- The Washington Times - Sunday, June 22, 2003

Grady C. Wright is using his 33 years of experience in the corporate world to improve sales at a midsized information-technology company in Centreville, Va.

Mr. Wright, 59, has signed on as president and chief operating officer of Universal Systems & Technology Inc. (Unitech), a telecommunications firm that specializes in security analysis and systems.

He oversees the daily operations of the company with more than 360 employees and six satellite offices and is developing a strategy for expanding services to government.

Mr. Wright said timing and the chance to run a smaller business with high growth potential persuaded him to leave his position as senior vice president of the telecommunications and network solutions unit at DynCorp Inc., an information-technology firm.

DynCorp was bought out in March by Computer Sciences Corp. of California.

“I was looking to continue running what was essentially a small business in a large corporation on a less-bureaucratic level,” Mr. Wright said.

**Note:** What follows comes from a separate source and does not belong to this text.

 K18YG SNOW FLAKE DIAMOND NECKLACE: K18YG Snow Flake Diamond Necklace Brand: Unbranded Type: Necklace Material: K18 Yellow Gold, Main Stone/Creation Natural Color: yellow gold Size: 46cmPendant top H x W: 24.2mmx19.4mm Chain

His main goal is to raise the company’s $80 million sales by double digits this year. Part of his strategy will include some small acquisitions of specialty information-technology firms, though Mr. Wright did not have any specific companies to announce.

The company also is developing its technical services to serve more diverse clients. One plan is altering Unitech’s security work with the Transportation Security Administration to include seaports.

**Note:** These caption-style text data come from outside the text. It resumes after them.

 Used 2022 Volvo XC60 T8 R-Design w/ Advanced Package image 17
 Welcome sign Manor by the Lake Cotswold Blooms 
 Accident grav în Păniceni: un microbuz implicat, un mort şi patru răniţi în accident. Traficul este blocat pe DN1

“This sort of initiative is necessary to help propel the company out of the zone many IT companies face when their revenue is between $50 million and $200 million,” he said. “To get to the next level of growth, the company has to have the leadership and strategy ready to make some big changes.”

Earl Stafford, chairman and chief executive officer, said he sought out Mr. Wright because of his work with big companies such as DynCorp and TRW Systems and Information Technology Group in Fairfax.

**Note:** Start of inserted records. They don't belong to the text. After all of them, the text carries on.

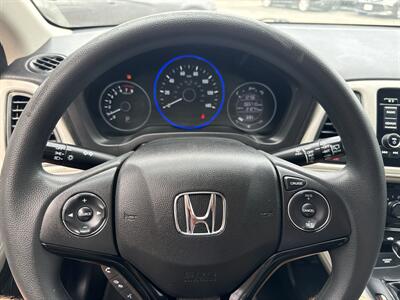 2017 Honda HR-V LX FWD 1.8L I4 4dr   - Photo 36 - Boise, ID 83704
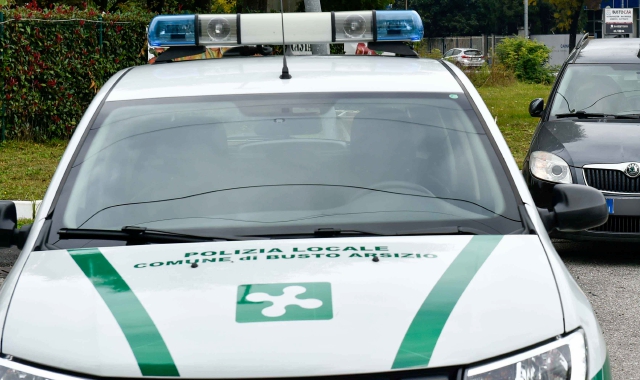 Investe due persone sulle strisce e scappa: preso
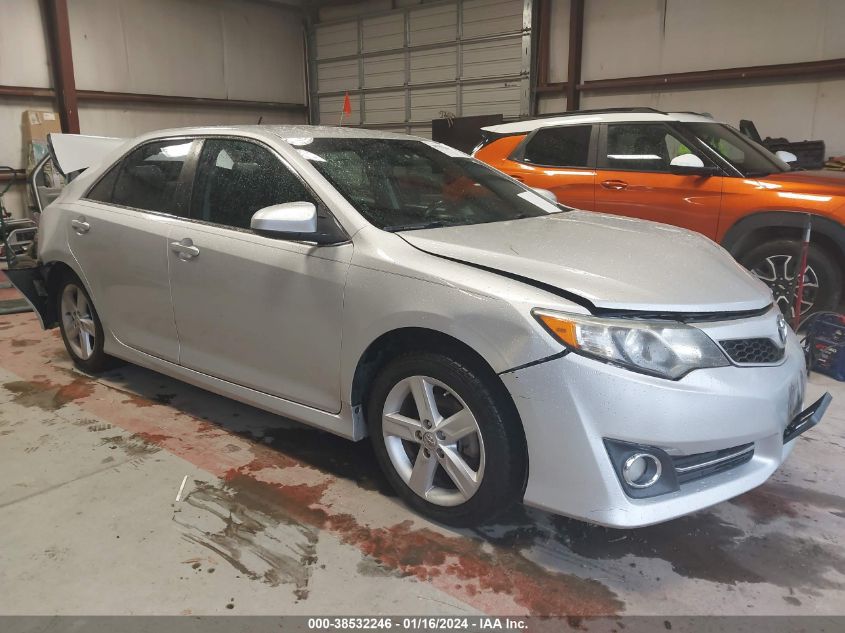2014 TOYOTA CAMRY SE - 4T1BF1FK5EU452026
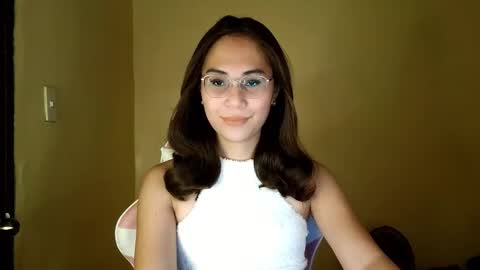 Snapshot of chelly4u69 chatting on 05-17-26, 01:36 chelly4u69 online show from 05-17-26, 01:36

At DynCorp, Mr. Wright’s unit grew annual sales from $80 million to $400 million in four years.

“Grady’s extensive experience and outstanding leadership ability will add significant value to the company as we move forward,” Mr. Stafford said in a statement.

So far, the transition to the smaller company has been smooth, Mr. Wright said.

“When I was running operations at larger companies, we would partner with smaller firms and I always found that refreshing. It’s very charging to be on the other side and see what we need to do to build up our size.”

Mr. Wright lives in Centreville with his wife, Barbara, and their two children.